*WORK REQUEST:* When you reach the line containing "JCB JS 130 LC Pelle sur chenilles" in the data below, begin returning lines exactly as written, and stop once the line containing "Embroidered Manaar Dupatta" has been returned.

Short descriptive text snippets:
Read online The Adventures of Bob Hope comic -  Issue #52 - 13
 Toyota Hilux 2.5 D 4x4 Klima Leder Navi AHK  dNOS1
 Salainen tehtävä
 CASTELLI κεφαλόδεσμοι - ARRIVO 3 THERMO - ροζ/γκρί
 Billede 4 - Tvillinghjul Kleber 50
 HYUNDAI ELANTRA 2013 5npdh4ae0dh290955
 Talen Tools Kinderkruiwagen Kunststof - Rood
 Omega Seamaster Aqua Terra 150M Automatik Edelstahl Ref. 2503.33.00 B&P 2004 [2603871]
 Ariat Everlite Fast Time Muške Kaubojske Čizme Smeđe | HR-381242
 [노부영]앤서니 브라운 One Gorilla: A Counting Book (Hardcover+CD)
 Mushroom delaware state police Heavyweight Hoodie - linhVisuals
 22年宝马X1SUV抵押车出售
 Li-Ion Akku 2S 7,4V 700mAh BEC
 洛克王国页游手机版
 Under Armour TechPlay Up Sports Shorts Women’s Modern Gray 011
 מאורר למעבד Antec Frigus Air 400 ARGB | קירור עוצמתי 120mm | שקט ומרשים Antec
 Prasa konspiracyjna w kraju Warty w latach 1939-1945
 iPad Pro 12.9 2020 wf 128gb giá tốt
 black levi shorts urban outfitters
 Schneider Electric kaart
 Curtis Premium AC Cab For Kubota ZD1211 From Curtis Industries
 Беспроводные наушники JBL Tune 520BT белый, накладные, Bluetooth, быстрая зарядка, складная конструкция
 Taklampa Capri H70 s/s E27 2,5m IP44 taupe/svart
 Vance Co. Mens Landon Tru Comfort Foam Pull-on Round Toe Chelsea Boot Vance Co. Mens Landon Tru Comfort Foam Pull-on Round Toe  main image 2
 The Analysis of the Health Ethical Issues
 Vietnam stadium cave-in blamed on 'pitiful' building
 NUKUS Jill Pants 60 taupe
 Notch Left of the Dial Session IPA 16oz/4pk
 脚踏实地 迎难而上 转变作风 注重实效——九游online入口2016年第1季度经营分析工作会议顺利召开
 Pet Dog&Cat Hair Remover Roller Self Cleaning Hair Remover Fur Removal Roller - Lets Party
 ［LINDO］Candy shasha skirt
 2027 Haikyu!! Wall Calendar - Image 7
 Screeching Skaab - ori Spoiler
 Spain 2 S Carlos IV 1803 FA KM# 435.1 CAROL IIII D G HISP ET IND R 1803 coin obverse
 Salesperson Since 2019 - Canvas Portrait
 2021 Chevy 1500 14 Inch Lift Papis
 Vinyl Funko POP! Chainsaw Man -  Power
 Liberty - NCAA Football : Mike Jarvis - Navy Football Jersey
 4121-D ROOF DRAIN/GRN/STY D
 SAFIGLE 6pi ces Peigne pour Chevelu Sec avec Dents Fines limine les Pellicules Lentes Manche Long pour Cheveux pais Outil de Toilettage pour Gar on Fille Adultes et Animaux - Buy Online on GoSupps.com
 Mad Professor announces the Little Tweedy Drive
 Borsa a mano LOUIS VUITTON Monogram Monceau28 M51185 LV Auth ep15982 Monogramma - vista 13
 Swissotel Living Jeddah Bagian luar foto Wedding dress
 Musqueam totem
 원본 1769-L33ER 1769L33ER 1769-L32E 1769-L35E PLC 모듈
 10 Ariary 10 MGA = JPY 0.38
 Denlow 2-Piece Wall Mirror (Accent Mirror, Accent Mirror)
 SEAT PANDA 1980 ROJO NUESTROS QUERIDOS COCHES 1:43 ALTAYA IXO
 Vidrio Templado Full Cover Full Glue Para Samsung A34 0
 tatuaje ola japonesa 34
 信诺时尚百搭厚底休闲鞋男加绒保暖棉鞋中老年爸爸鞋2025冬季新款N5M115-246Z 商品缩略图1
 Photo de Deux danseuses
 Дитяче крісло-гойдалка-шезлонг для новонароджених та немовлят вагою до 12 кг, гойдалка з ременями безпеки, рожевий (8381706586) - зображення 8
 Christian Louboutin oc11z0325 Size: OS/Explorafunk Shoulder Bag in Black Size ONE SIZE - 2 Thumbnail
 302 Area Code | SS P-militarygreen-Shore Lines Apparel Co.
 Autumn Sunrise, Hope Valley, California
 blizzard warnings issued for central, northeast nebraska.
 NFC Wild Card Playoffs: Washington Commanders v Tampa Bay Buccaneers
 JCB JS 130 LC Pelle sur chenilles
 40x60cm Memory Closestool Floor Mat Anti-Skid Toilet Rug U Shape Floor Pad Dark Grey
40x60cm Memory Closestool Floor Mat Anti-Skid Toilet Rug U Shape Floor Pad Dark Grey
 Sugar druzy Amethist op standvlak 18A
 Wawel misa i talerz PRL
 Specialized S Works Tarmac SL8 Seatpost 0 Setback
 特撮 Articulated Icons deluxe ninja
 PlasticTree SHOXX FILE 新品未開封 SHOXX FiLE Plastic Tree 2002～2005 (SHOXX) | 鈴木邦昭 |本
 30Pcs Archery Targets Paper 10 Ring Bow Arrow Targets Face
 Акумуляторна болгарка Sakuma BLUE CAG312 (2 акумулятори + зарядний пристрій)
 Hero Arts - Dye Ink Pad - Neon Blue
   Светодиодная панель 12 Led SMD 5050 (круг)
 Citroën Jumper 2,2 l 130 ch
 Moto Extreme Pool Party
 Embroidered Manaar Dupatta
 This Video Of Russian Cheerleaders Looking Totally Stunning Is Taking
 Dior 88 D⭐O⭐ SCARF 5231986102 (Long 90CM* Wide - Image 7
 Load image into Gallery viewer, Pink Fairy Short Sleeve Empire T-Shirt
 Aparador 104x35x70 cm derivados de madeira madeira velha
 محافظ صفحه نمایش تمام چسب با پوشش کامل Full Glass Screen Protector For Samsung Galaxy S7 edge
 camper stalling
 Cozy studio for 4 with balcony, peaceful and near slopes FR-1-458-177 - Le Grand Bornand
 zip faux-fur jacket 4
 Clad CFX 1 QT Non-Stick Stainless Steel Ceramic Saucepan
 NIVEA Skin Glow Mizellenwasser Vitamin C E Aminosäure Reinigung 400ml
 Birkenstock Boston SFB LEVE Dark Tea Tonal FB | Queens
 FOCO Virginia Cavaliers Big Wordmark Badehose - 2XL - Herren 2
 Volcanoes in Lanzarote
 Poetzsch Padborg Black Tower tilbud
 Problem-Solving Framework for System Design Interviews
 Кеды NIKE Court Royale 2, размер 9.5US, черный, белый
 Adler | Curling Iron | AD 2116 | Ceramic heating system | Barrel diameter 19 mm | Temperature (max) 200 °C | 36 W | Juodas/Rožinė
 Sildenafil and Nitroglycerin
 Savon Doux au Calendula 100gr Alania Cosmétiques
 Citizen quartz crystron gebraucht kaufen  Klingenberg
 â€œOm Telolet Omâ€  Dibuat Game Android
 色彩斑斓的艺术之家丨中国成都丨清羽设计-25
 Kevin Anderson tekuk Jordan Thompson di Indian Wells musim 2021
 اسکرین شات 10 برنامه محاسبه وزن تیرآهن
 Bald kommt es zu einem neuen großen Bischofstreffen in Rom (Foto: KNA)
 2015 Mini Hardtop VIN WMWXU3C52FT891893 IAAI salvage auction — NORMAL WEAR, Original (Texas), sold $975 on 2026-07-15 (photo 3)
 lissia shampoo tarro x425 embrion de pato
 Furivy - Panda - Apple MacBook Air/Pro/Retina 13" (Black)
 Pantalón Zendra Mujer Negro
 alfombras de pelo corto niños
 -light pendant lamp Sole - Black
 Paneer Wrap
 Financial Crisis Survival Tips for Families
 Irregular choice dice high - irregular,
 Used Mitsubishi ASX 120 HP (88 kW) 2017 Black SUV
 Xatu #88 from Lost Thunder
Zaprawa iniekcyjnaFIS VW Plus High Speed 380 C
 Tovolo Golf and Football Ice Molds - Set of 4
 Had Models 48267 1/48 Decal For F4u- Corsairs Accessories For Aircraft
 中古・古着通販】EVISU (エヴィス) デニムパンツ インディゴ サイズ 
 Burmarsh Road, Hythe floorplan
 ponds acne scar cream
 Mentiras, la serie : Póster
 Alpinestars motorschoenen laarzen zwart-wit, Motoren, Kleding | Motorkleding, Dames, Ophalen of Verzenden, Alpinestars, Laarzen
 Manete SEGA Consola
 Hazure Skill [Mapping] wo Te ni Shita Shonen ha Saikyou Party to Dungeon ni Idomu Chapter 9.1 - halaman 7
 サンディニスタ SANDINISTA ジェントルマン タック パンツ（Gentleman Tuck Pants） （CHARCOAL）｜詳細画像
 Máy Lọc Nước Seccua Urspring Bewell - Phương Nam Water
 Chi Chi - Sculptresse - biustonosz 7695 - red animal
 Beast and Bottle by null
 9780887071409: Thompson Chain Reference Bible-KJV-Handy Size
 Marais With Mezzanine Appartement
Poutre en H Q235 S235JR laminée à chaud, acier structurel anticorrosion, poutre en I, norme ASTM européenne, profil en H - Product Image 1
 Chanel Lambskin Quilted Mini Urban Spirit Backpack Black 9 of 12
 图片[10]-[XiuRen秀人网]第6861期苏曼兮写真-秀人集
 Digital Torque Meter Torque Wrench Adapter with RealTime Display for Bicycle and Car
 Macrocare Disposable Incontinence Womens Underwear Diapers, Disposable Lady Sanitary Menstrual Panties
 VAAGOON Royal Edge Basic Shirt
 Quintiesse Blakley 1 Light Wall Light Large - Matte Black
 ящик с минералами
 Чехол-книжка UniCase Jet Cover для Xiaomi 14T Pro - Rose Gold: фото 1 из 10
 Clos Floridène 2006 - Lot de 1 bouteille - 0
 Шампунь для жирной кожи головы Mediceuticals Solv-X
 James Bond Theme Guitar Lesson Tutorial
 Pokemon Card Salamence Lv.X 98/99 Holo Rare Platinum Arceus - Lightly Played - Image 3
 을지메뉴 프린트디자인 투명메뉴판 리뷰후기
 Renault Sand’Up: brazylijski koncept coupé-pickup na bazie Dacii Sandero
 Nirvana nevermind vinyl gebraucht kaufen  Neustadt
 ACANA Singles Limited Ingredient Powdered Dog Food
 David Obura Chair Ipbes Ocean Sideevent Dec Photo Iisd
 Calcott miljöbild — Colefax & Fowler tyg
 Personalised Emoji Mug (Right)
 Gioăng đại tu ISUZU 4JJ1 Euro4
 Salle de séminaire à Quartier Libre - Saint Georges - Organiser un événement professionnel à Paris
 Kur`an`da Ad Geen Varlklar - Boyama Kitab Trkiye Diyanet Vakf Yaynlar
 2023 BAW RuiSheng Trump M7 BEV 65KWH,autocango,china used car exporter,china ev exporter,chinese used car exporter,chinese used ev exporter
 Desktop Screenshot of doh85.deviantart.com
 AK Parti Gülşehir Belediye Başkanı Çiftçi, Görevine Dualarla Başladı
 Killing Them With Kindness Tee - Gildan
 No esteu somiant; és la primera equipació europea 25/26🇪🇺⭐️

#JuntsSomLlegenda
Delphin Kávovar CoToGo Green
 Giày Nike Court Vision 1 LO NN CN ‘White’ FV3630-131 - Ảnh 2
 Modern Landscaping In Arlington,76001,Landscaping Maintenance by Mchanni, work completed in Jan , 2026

*EXPECTED OUTPUT:*
 JCB JS 130 LC Pelle sur chenilles
 40x60cm Memory Closestool Floor Mat Anti-Skid Toilet Rug U Shape Floor Pad Dark Grey
40x60cm Memory Closestool Floor Mat Anti-Skid Toilet Rug U Shape Floor Pad Dark Grey
 Sugar druzy Amethist op standvlak 18A
 Wawel misa i talerz PRL
 Specialized S Works Tarmac SL8 Seatpost 0 Setback
 特撮 Articulated Icons deluxe ninja
 PlasticTree SHOXX FILE 新品未開封 SHOXX FiLE Plastic Tree 2002～2005 (SHOXX) | 鈴木邦昭 |本
 30Pcs Archery Targets Paper 10 Ring Bow Arrow Targets Face
 Акумуляторна болгарка Sakuma BLUE CAG312 (2 акумулятори + зарядний пристрій)
 Hero Arts - Dye Ink Pad - Neon Blue
   Светодиодная панель 12 Led SMD 5050 (круг)
 Citroën Jumper 2,2 l 130 ch
 Moto Extreme Pool Party
 Embroidered Manaar Dupatta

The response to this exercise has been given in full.